Database Maintenance

# Database vacuum and analyze
sudo -u postgres psql vantage -c "VACUUM ANALYZE;"

# Check database size and growth
sudo -u postgres psql vantage -c "SELECT pg_size_pretty(pg_database_size('vantage'));"

# Monitor slow queries
sudo -u postgres psql vantage -c "SELECT query, mean_time, calls FROM pg_stat_statements ORDER BY mean_time DESC LIMIT 10;"

Backup Verification

# Verify recent backups exist
ls -la /opt/vantage/backups/

# Test backup restoration (on test system)
gunzip -c /opt/vantage/backups/vantage_latest.sql.gz | psql -h test-server -U vantage vantage_test

Monthly Tasks

Capacity Planning

Review and analyze capacity metrics:

  1. Storage Growth: Monitor data and log storage growth trends
  2. User Growth: Track user registration and activity growth
  3. Performance Trends: Analyze response time and throughput trends
  4. Resource Utilization: Review CPU, memory, and disk utilization patterns

Security Reviews

# Review user accounts and permissions
sudo -u postgres psql vantage -c "SELECT username, is_active, is_superuser, last_login FROM auth_user;"

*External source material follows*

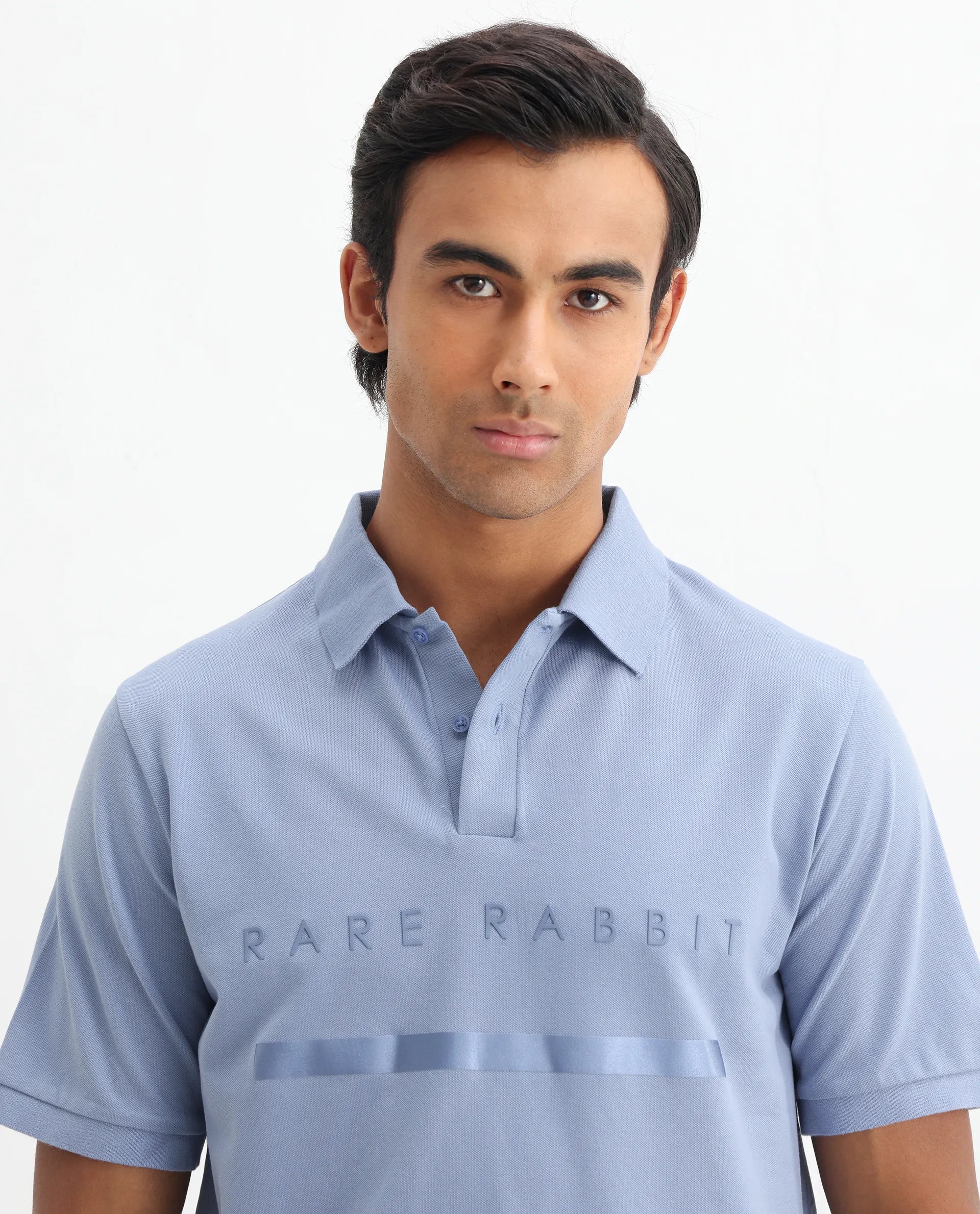 Rare Rabbit Men's Nellit Pastel Blue Cotton Plain Regular Fit Half Sleeve Polo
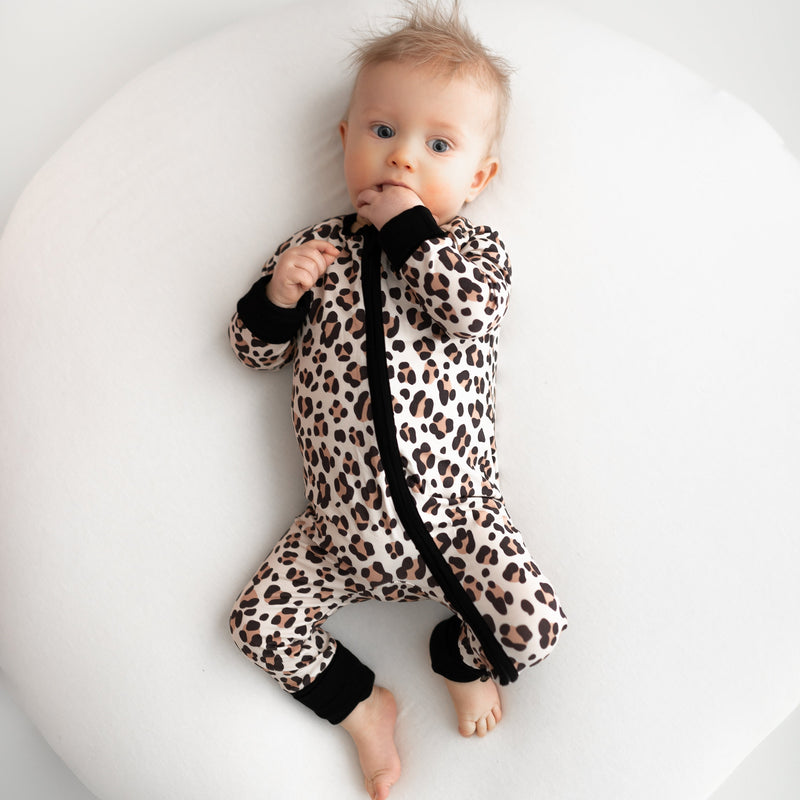 Leopard Print 2 Way Zip Sleepsuit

# Check for failed login attempts
grep "authentication failed" /opt/vantage/logs/vantage.log | tail -20

# Review SSL certificate expiration
openssl x509 -in /etc/ssl/certs/vantage.crt -noout -dates

# System security updates
sudo unattended-upgrade --dry-run

Performance Optimization

# Analyze database performance
sudo -u postgres psql vantage -c "SELECT schemaname, tablename, seq_scan, seq_tup_read, idx_scan, idx_tup_fetch FROM pg_stat_user_tables WHERE seq_scan > 1000;"

# Check for missing indexes
sudo -u postgres psql vantage -c "SELECT schemaname, tablename FROM pg_stat_user_tables WHERE seq_scan > idx_scan AND seq_tup_read > 1000;"

# Optimize database if needed
sudo -u postgres psql vantage -c "REINDEX DATABASE vantage;"

User Management

Adding Users

# Create user via command line
cd /opt/vantage/app
python manage.py shell

# In Python shell:
from django.contrib.auth.models import User
user = User.objects.create_user('username', 'email@domain.com', 'password')
user.first_name = 'First'
user.last_name = 'Last'
user.save()

Managing Permissions

# List all users and their permissions
python manage.py shell -c "
from django.contrib.auth.models import User
for user in User.objects.all():
print(f'{user.username}: active={user.is_active}, staff={user.is_staff}, superuser={user.is_superuser}')
"

# Deactivate user
python manage.py shell -c "
from django.contrib.auth.models import User
user = User.objects.get(username='username')
user.is_active = False
user.save()
"

Password Management

# Reset user password
python manage.py changepassword username

# Force password reset on next login
python manage.py shell -c "
from django.contrib.auth.models import User
user = User.objects.get(username='username')
user.password_reset_required = True
user.save()
"

Configuration Management

Environment Configuration

Keep track of configuration changes:

# Backup current configuration
cp /opt/vantage/app/.env /opt/vantage/backups/.env.$(date +%Y%m%d)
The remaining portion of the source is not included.